Depending upon the availability of conserved/ residual moisture/late Kharif rains crop could be sown from late September to mid of November. In the State of Karnataka the best time of sowing is second week of September for rainfed and mid September to early November for irrigated area.
For better germination and plant growth, seed treatment with Thiram, Captan or Carbendizim @ 3 g/kg is recommended.
In sandy soils, apply 15-20 tonnes/ha of compost or FYM at the time of last ploughing/harrowing. In areas, where irrigations is possible, 40:40:20 kg/ha N:P2O5 :K2O should be applied at the time of sowing. The fertilizers should be applied in furrows 8-10 cm deep and 4-5 cm away from the seed at the time of planting. 50 % N and 100% P2O5 at the time of sowing and remaining 50% N after 30 days of the sowing have to be given.
To save 25% P2O5 it is recommended to treat seed with PSB @ 200 g/10kg seed. For getting higher seed yield and monetory return seed of safflower should be treated with Azotobactor and Azospirilum 20 g/kg seed along with 12.5 kg N/ha are recommended.
Although the crop is grown without irrigation, but higher yields are obtained with irrigation. The seasonal consumptive use varies from 250- 300 mm.
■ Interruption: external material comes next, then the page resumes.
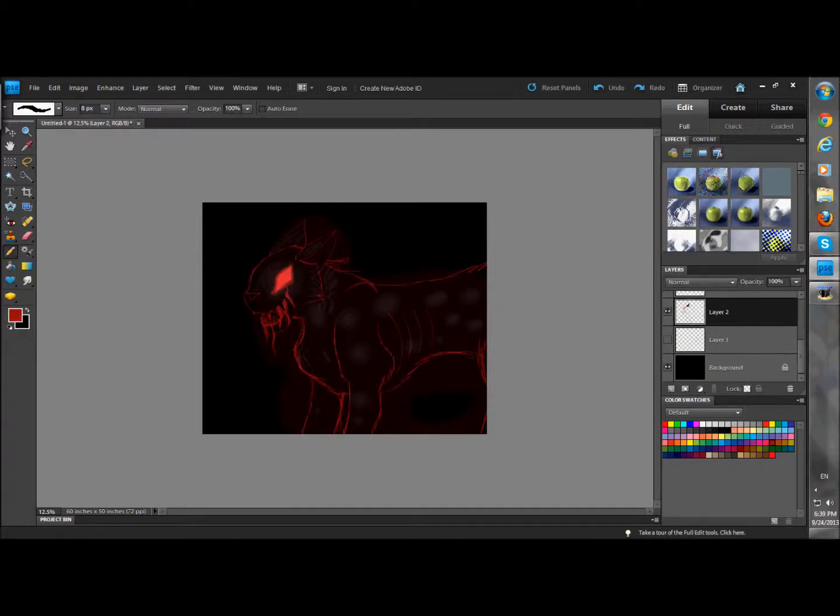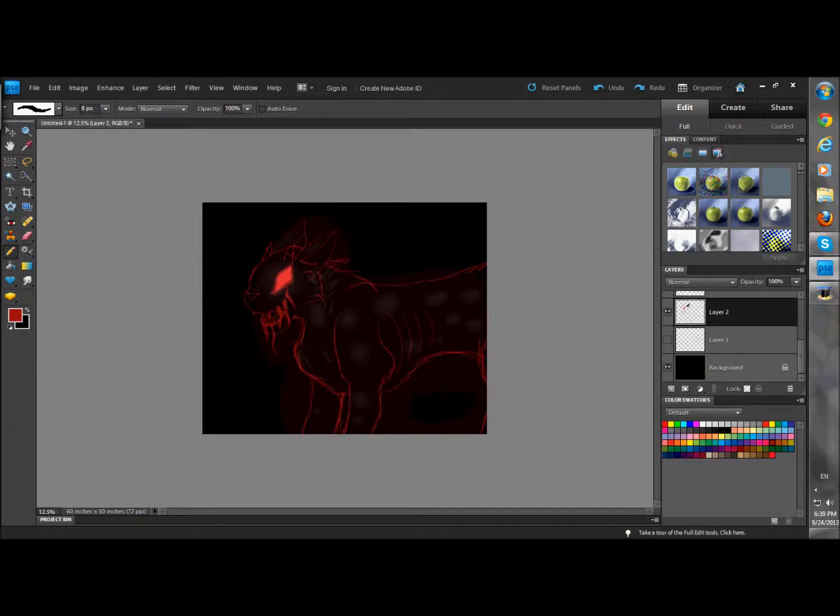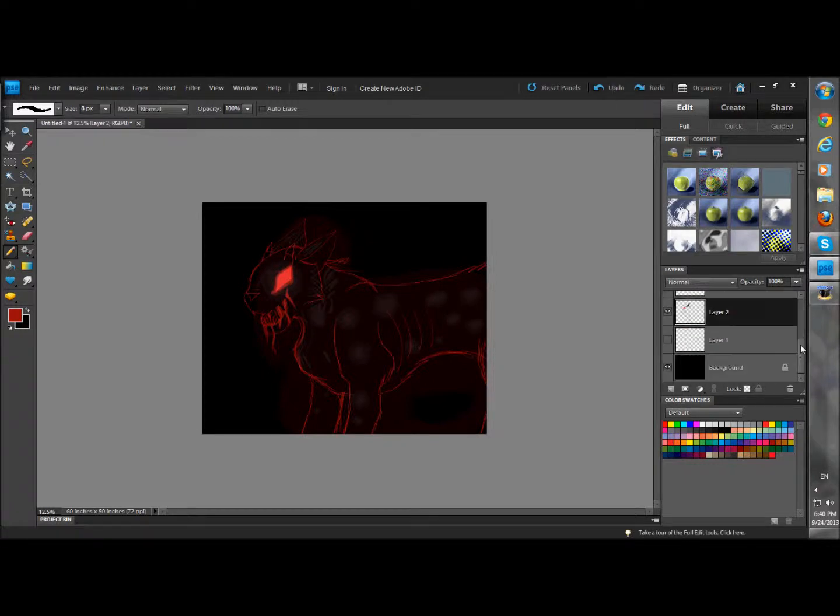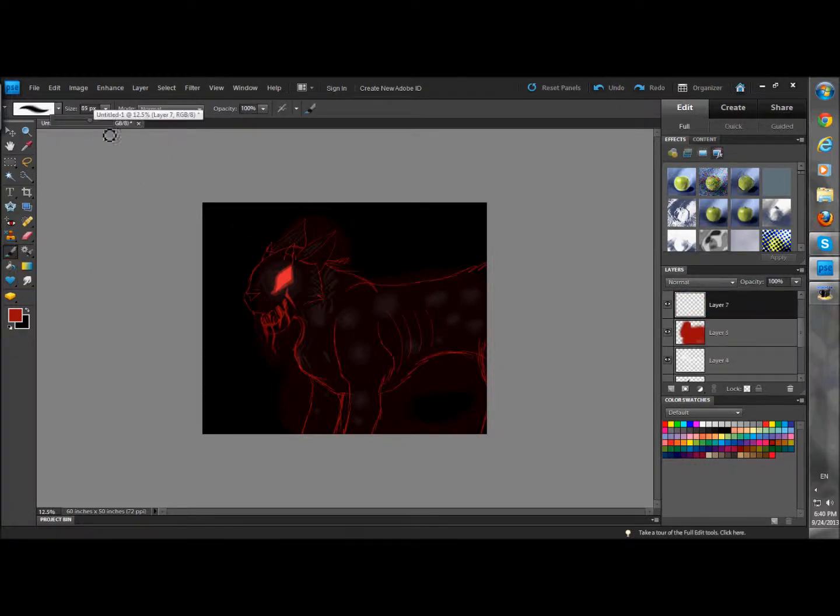Here in the darkness I know myself, can't break free until I let it go.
Three to five irrigations should be given to safflower in medium to lighter type of soils for higher yields. Safflower should be irrigated twice i.e. at 35 and 55 days after sowing in medium to heavy soils for higher yields. If only one irrigation is available, it should be given at 55 days after sowing.
For controlling Alternaria Leaf Spot, seed treatment with Thirum or Captan 3g/kg seed is rcommended and in field condition spraying with Dithane M-45, 25g in 10 litre of water is recommended.
For controlling root rot and wilt, seed treatment with thirum or captan @ 3g/kg seed alongwith seed treatment of biological fungicide Tricoderma 4g/kg seed is recommended.
Early sowing (i.e. during 25th September to 10th October) of safflower is recommended to escape from aphid infestation. It is recommended to adopt plant protection measures against safflower aphid when economic threshold level of aphid colonies on 30% plants is reached.
For management of safflower aphids spraying of Fenthion 50 EC (10ml) or Quinalphos 25 EC (20ml) or Thiometon 25 EC (12ml), or Dimethoate 30 EC (10ml), or Acephate 75% WSP 4gm or Malathion 50 EC (20ml) or Carbaryl 50% WSP 20g in 10 lit of water or dusting of Quinalphos 1.5 % dust or Methyl Parathion 2% dust or Phosalone 4 % dust @ 20kg/ha is recommended.
For effective management of Gujhia weevil, application of Phorate 10 G @ 10 Kg/ha at sowing + foliar spray of chlorphriphos 20 EC @ 25 ml OR Lymbda chalothrin 2.5 EC @ 10 ml/10 ltr of water at 10 days after emergence and need based second spraying at 10 days after first application is recommended.
Intercropping of safflower with gram or linseed in 6:3 or 3:3 row proportion (30cm) and two rows of safflower paired (30/60 cm) plus one row of gram or linseed is profitable.
The crop is ready for harvest when the leaves and most of the bracteoles become dry and brown. Hand gloves may be used to protect legs and hands against spines. Effect of spines could also be minimized by harvesting of crop before rising of sun. Multi-crop threshers and combine harvester could be used for harvesting and threshing.